Happy pansy face, y'all!

Perennial Favorites and Bad Dogs

Perennial Favorites and Bad Dogs
I was just writing about spring and how I love to watch things grow … and it’s even cooler to see perennials emerging from their winter slumber. 
Half the time I forget I’ve planted them, then I will start to see this little bit of green peeking out.  After an investigation, I realize it’s not a weed, but a perennial. 
This is a lilly -- not sure which kind yet.

Love perennials … they are more expensive than annuals, but if you select the right varieties for your area, you will be able to enjoy them year after year. 

I personally try to have a good mix of perennials and annuals.  One of my most favorite annuals of all time is the pansy. 

Happy Pansy Face

Look at this pretty, happy pansy face!  Fortunately where I live, I can plant pansies in the fall and they will usually overwinter then grow all spring until the end of April.  Then I rip them out and replace them with something more heat tolerant.

 This is Mexican sage, a hearty perennial.

Mexican Sage waking up from a long winter's Siesta

Sometimes I find this in the garden… bad dog … if you can’t tell by the photo,  my dog Ruby, dug in the flower bed and dislodged this beautiful specimen of Mexican Sage. 

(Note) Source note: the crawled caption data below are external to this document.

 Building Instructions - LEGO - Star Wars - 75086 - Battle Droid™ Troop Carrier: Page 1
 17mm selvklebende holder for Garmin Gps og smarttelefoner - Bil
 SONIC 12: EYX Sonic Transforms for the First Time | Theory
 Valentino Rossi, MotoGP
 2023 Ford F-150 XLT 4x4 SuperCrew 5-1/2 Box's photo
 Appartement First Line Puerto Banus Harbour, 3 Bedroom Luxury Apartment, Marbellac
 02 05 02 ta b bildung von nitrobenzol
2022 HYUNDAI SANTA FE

Bad dogs dig in the flower beds

I love Mexican sage for my particular area, because it’s hardy and blooms continuously, it can withstand the hot Texas sun and summer, and requires very little watering.

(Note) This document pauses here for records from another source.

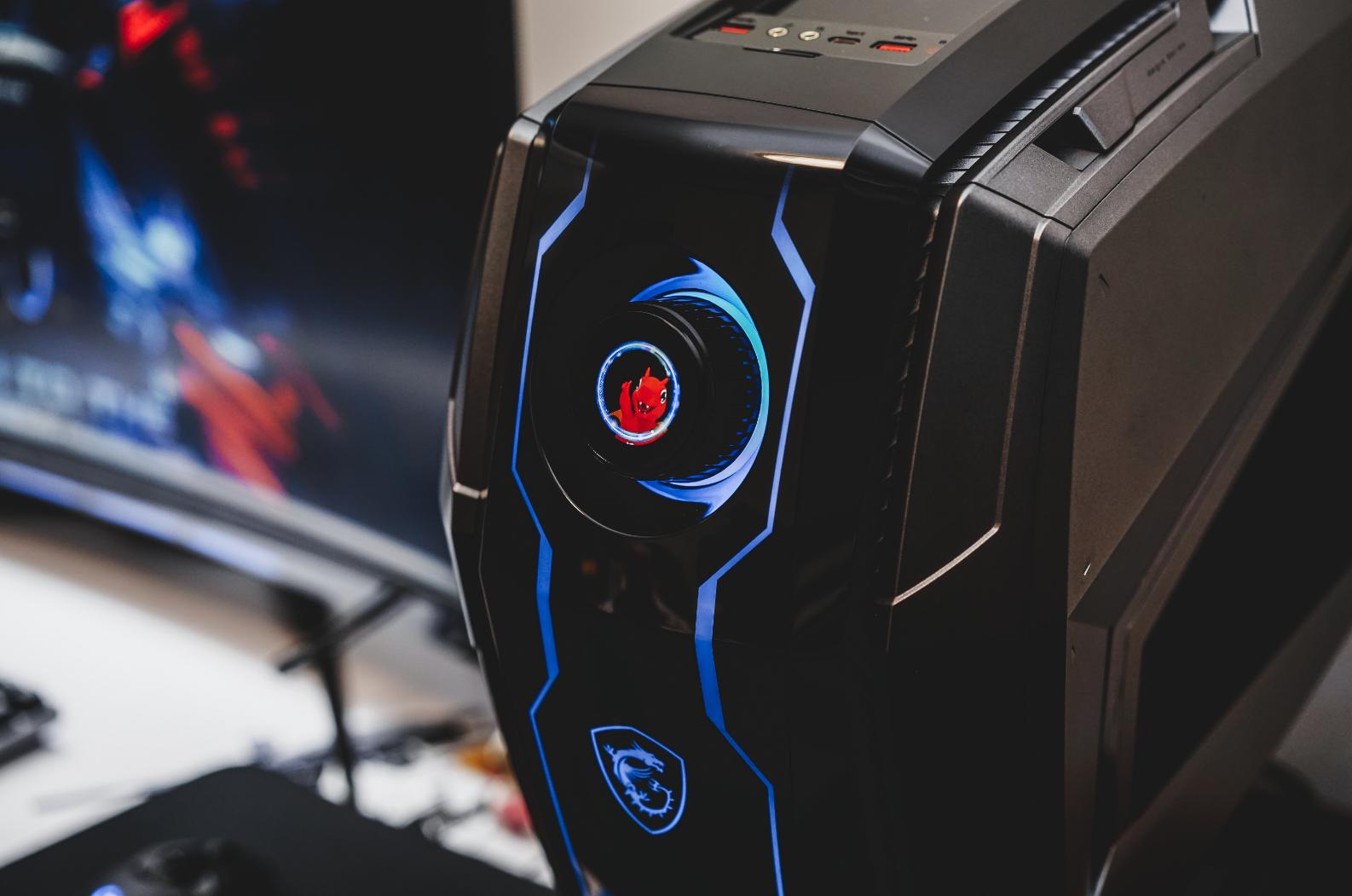 四万块钱的外星人电脑,四万多块的宙斯电脑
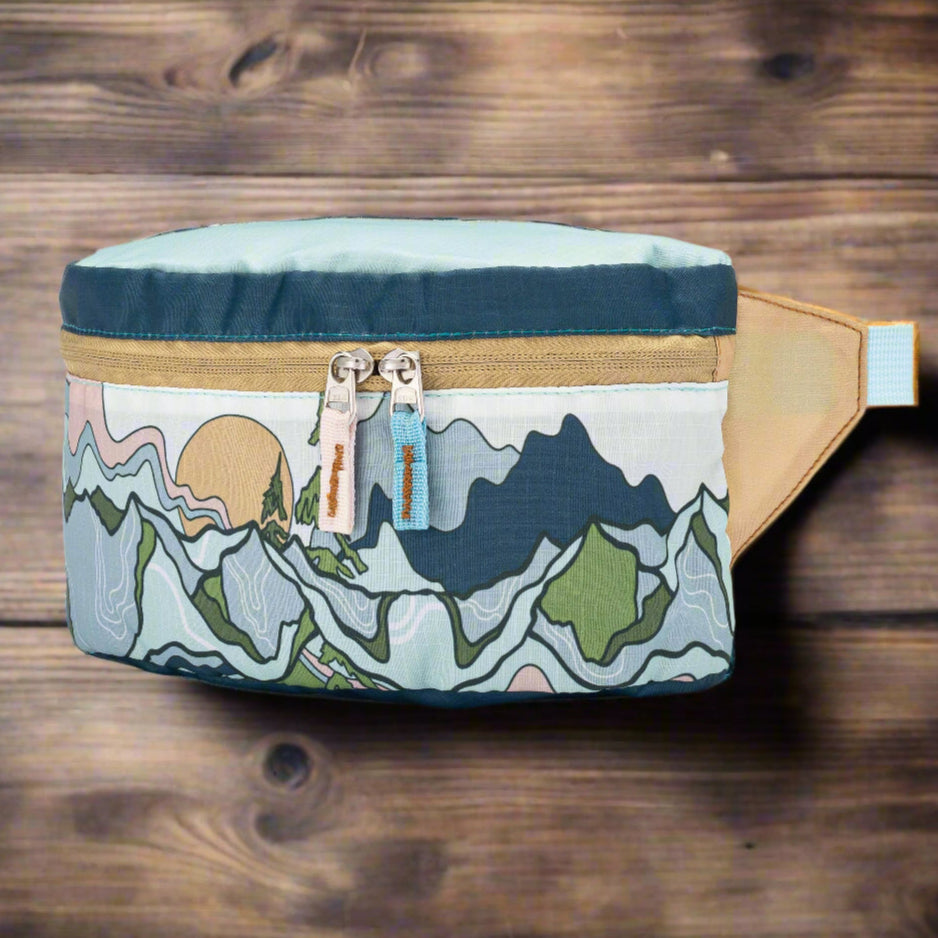 Olympic National Park Hip Pack Oso Supply Co
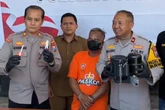 CCTV Bongkar Aksi Pencurian di Enam Musala Kota Pasuruan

Mexican sage in full bloom -- pretty!

This is a variegated sedum, another hearty perennial that can grow just about anywhere in the U.S.

Variegated sedum, aka striped sedum
Verigated sedum in its full bloom, in the late summer or early fall.

 What’s the difference?

Annuals complete their lifecycle in one growing season, meaning that an annual plant can grow from seed to maturation (seed reproduction) in one season—snap dragons, petunias and pansies. Generally most garden vegetables are annuals.

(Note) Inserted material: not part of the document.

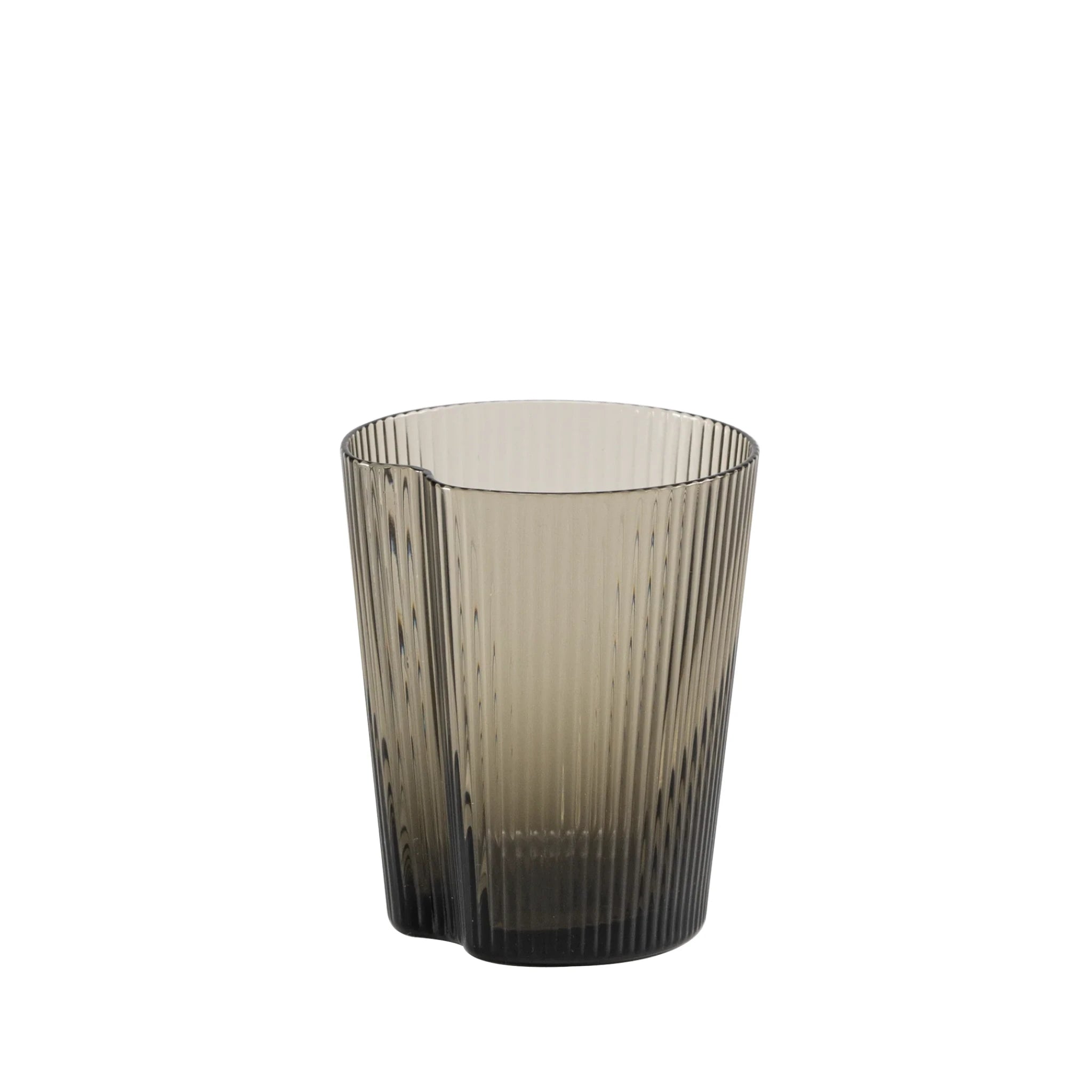HANDY Handmade Coloured Glass Tumblers Set of 6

Perennials have an ongoing lifecycle, meaning they come back every year after a period of dormancy. Trees and shrubs are good examples, but other flowers are salvia, daisies, sedums and chrysanthemums. Some perennials are grown as annuals in northern climates because they are not cold-hardy.  A good example of this is dusty miller. It’s a perennial where I live, but in Kansas and north, it’s not hardy enough to overwinter.     

BTW … for those of you North Texas gardeners out there, we are coming up on our last average killing-frost dates this week and next.  For more info contact your local Texas county extension agent– they know all the scoop for your county’s growing particulars. (PS– if you live in a different state they have extension offices too).

The bad dog ... Looking very pretty on a spring day at the "Goat Ranch." (there aren't any goats, btw).